(Excerpted data)
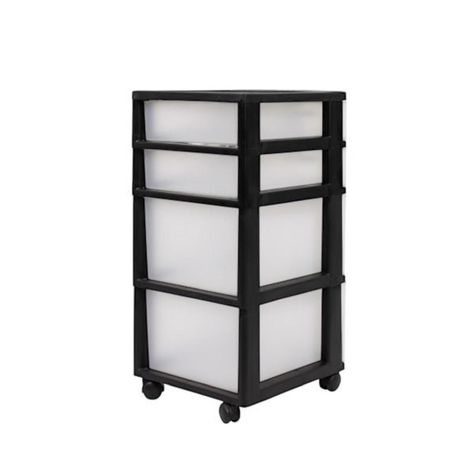 Cajonero 4 Niveles Eclypse Negro MQ QRubber-6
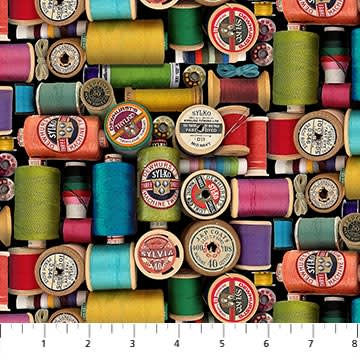Notions DP2453899 Cotton Reels multi fabric by Northcott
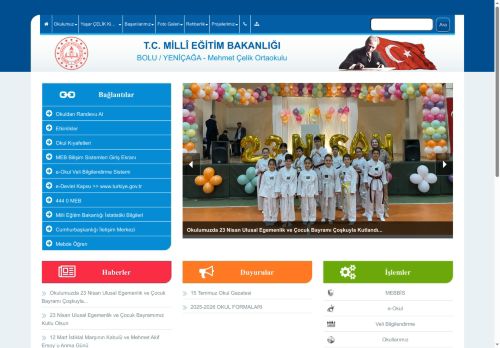 BOLU / YENİÇAĞA - Mehmet Çelik Ortaokulu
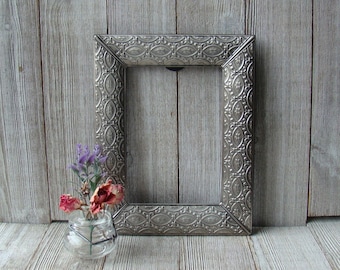 Ornate 5 x 7  Silver Frame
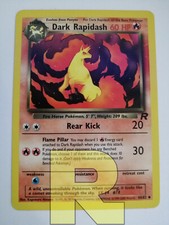 Dark Rapidash ® Rocket 44/82 ® Non Comune ® Pokemon ® Inglese ® EX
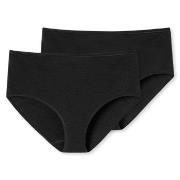 Schiesser Trosor 2P 95-5 Organic Cotton Midi Briefs Svart bomull Mediu...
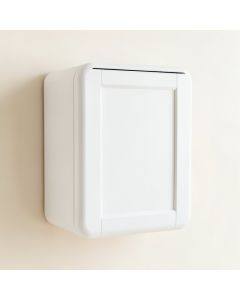 Dawn Crest Wall-Mounted Laundry Cabinet - White (synthetic illustration; no displayed measurements)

(Action item) The answer must be an exact transcription of the lines from the one holding "Ornate 5 x 7" to the last line of the entries above, with no pictures and nothing else.

(Exercise answer)
 Ornate 5 x 7  Silver Frame
 Dark Rapidash ® Rocket 44/82 ® Non Comune ® Pokemon ® Inglese ® EX
 Schiesser Trosor 2P 95-5 Organic Cotton Midi Briefs Svart bomull Mediu...
 Dawn Crest Wall-Mounted Laundry Cabinet - White (synthetic illustration; no displayed measurements)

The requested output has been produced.